This repository contains materials from an upper-level undergraduate / intro graduate computational physics course taught remotely in Spring 2021 at Washington University in St. Louis. The course was taught in python, and so this repo predominantly contains lecture notes, example python notebooks, and both written and python course assignments. The course syllabus contains a general overview, but was not strictly followed, so more details are provided in this readme. The course introduces many topics, and dives deeper into a few. Basic ideas of different topics were typically introduced in a longer lecture, and a high-level overview of advanced ideas in a short followup lecture. Fully expanding on these topics could easily fill several courses! Many of these assignments and examples draw from the computational physics course at CWRU.
The lectures predominantly contains
notes from weekly class lectures (ranging from half-hour to 1.5 h) as raw text files, actual lecture notes presented during lectures in the onenote
subdirectory, and
python notebook examples in the notebooks
subdirectory.
Class assignments included:
My favorite exam problem was problem 2 on exam 1, which demonstrates a leading-order equivalence between Taylor expansions, polynomial interpolation, and curve fitting.
My favorite lab assignment involved solving the Gray-Scott reaction-diffusion equations, which resulted in some nice visuals.
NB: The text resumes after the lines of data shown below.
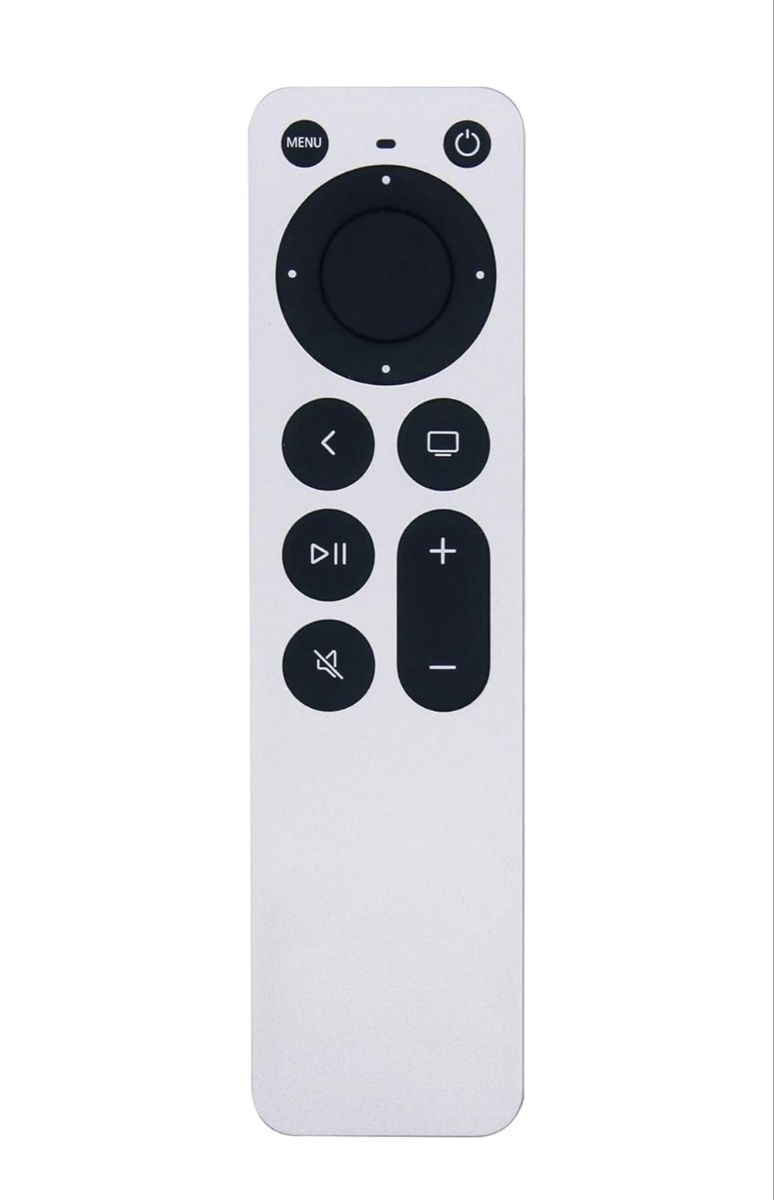 Telecomandi: Apple TV Fernbedienung / Remote – Nuovo e nell'imballaggio originale da Zürich venduto da Pascal__72247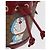 Bolsa de Ombro GUCCI Micro GG Supreme Fujiko-Pro PVC Bege Dourado 647801 Auth LN214M - vista 10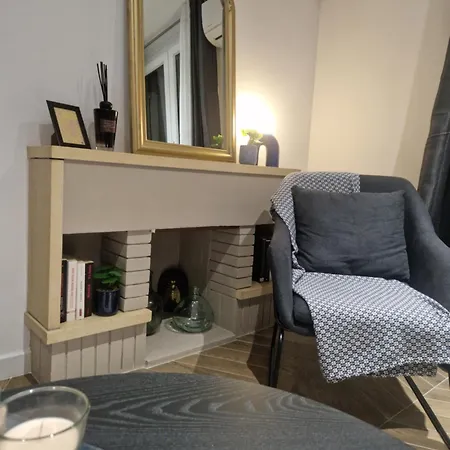 Apartment Climatise Centre 4 Personnes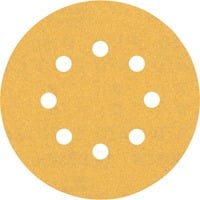 Bosch Expert Dischi per levigatura C470, Foglio abrasivo 50 pz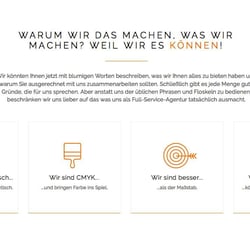 Trumedia – Website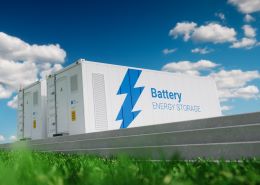 Battery Energy Storage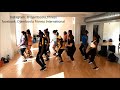 Koyoko Serge Beynaud Chorégraphie Par Djamboola Fitness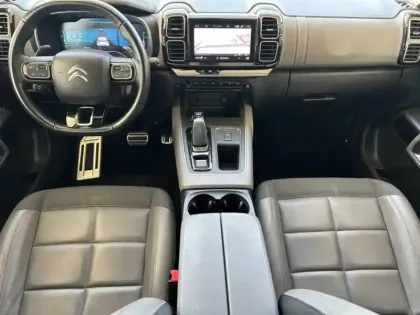 Photo 7 Citroën C5 aircross  Hybrid 225ch Shine e-EAT8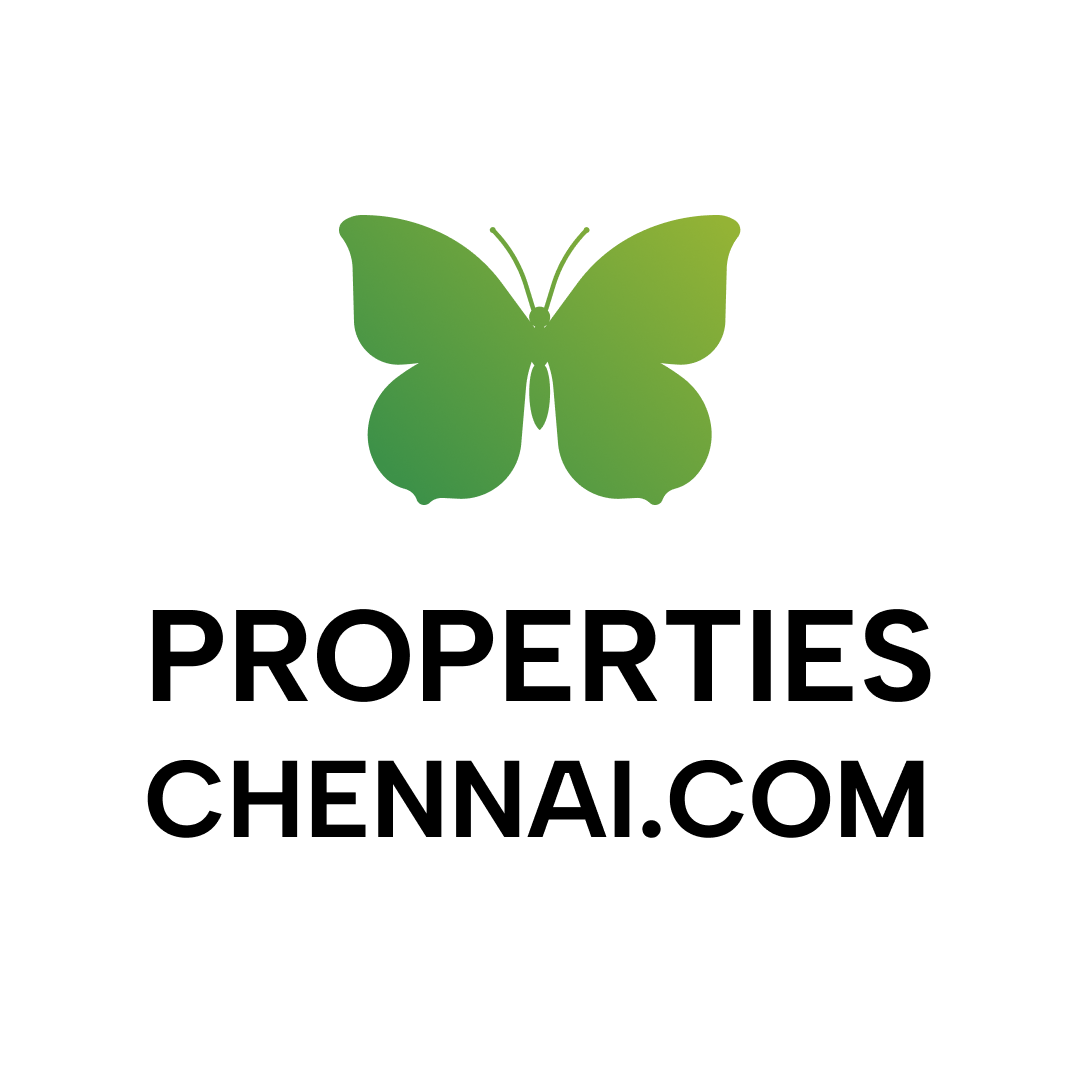 Propertieschennai Logo
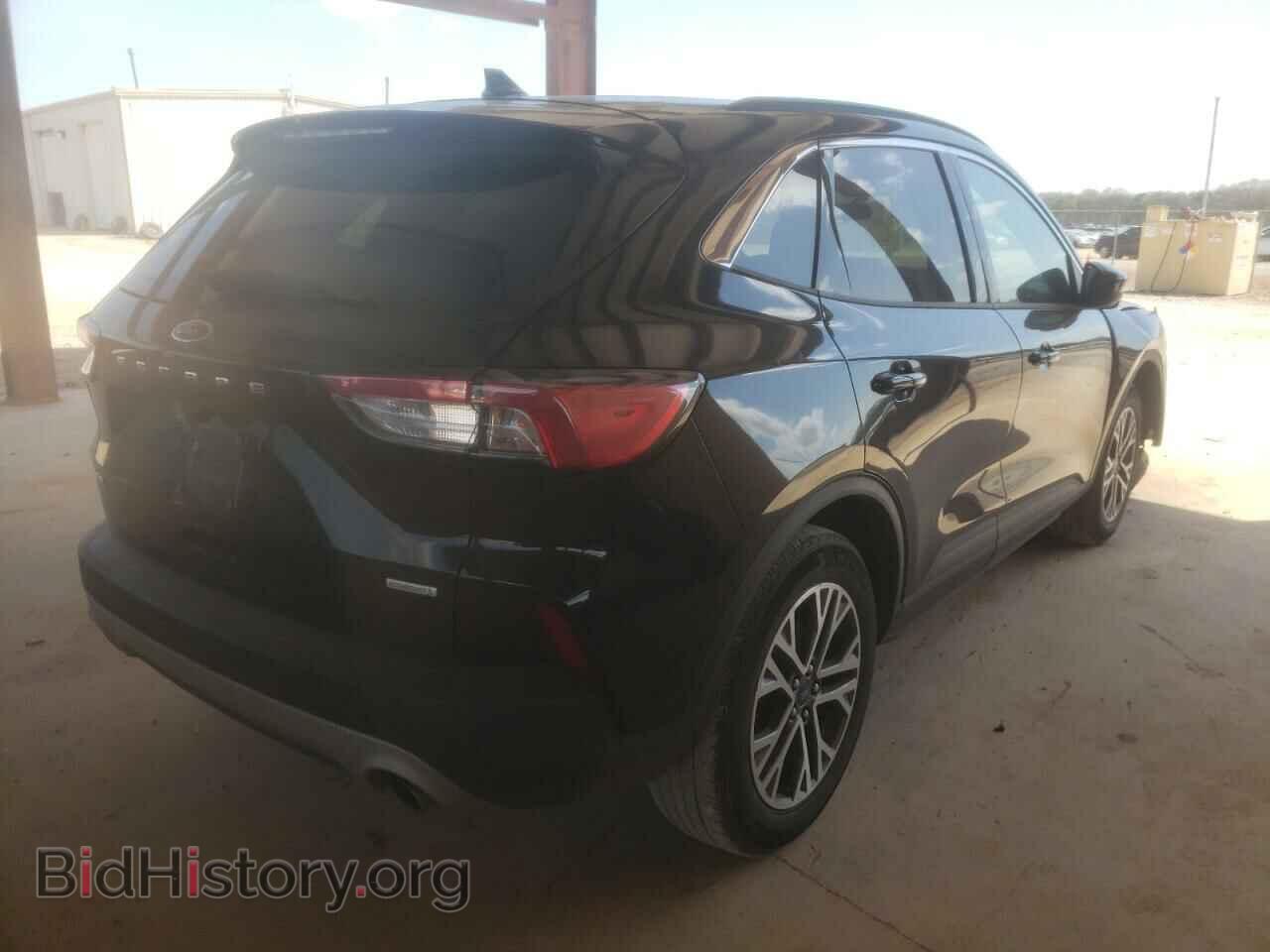 2020 FORD ESCAPE - VIN: 1FMCU0H69LUA46364 - Photo 4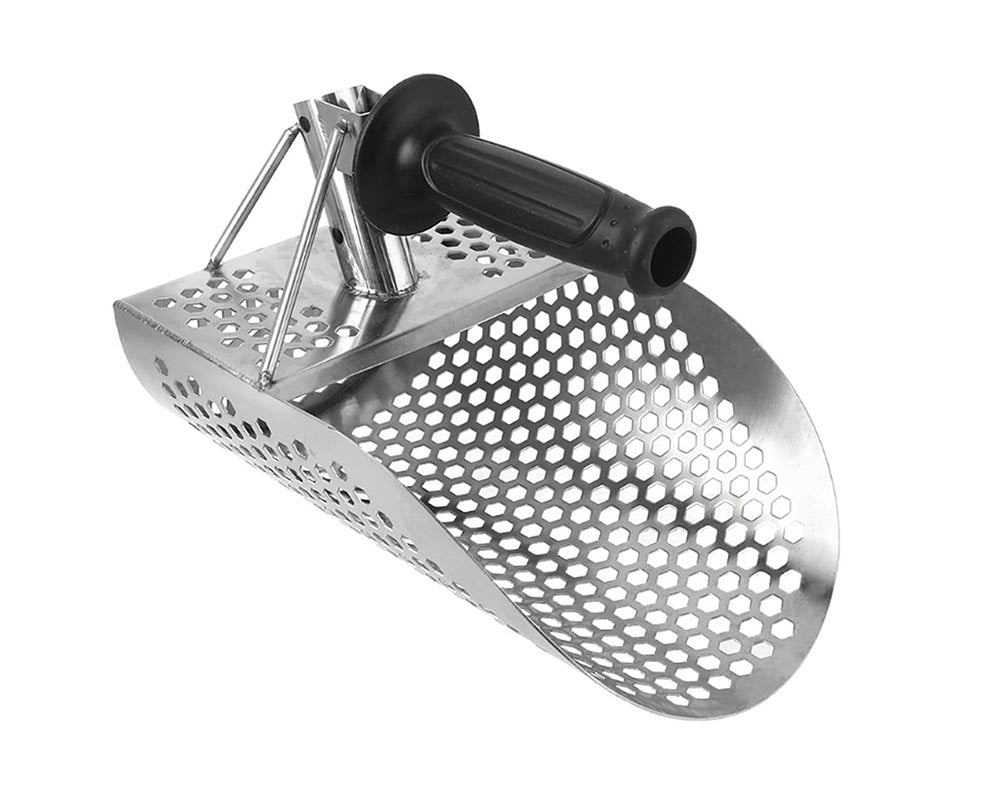 Beach Sand Scoop Metal Detecting tool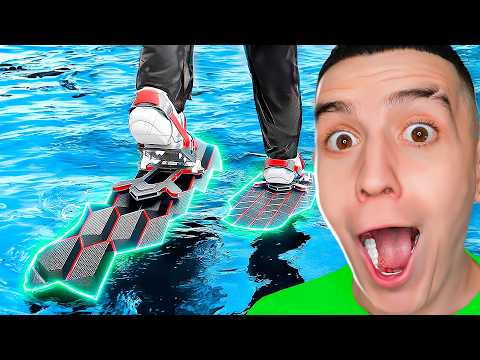 Видео: 60 САМЫХ КРУТЫХ ГАДЖЕТОВ В ИНТЕРНЕТЕ! *ЭТО СУЩЕСТВУЕТ!? * ОБЗОР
Class | Notes | Brief Description | Examples Codes | Assignments |
---|---|---|---|---|
Class 1 | Lec 1 | When are computational methods useful? | Arrays, vectors, and such | --- |
Class 2 | Lec 2 | Some sources of numerical error | Demo | --- |
Class 3 | Lec 3 | Optimization: 1d root finding, min/max, and interpolation | Min/max, Root finding, Interpolation | --- |
Class 4 | Lec 4 | Min/max, interpolation in >1d, extrapolation | Demo | --- |
Class 5 | Lec 5 | Solving linear systems and Eigenstuffs | Linear solvers, Eigensystems | --- |
Class 6 | Lec 6 | SVD | Demo | --- |
Class 7 | Lec 7 | Least-squares fitting and splines, Chi-square | Demo | --- |
Class 8 | Review | Class 1-7 Review | Exercises | |
Class 9 | Lec 9 | Intro to ODE solving | Demo | --- |
Class 10 | Lec 9 | More ODEs: Runge-Kutta, bounary-value methods | Richardson Extrapolation | --- |
Class 11 | Lec 11 | Error growth and stability, quadrature | Quadrature | --- |
Class 12 | Class 12 | More on error, more on quadrature | --- | --- |
Class 13 | Lec 13 | Time for PDE solving! Finite differencing and IVPs | Demo | --- |
Class 14 | Lec 14 | FD method stability | --- | --- |
Class 15 | Lec 15 | More on PDE stability | --- | --- |
Class 16 | Lec 16 | Elliptic PDEs | --- | --- |
Class 17 | Review | Class 9-16 Review | --- | Exercises |
Class 18 | Lec 18 | Intro to FFTs, Convolutions | Demo | --- |
Class 19 | Lec 19 | More FFTs, correlations | Demo | --- |
Class 20 | Lec 20 | Randomness, probability (MC, PDFs) | Markov chains, Markov chains 2, Ising model | --- |
Some additional notes on PDE stability analysis are tex'd up. Some examples of symbolic computing are here, and a quick Mathematica intro (it has advantages over Python for many things) is here. Quick examples of how to optimize code performance in python are here.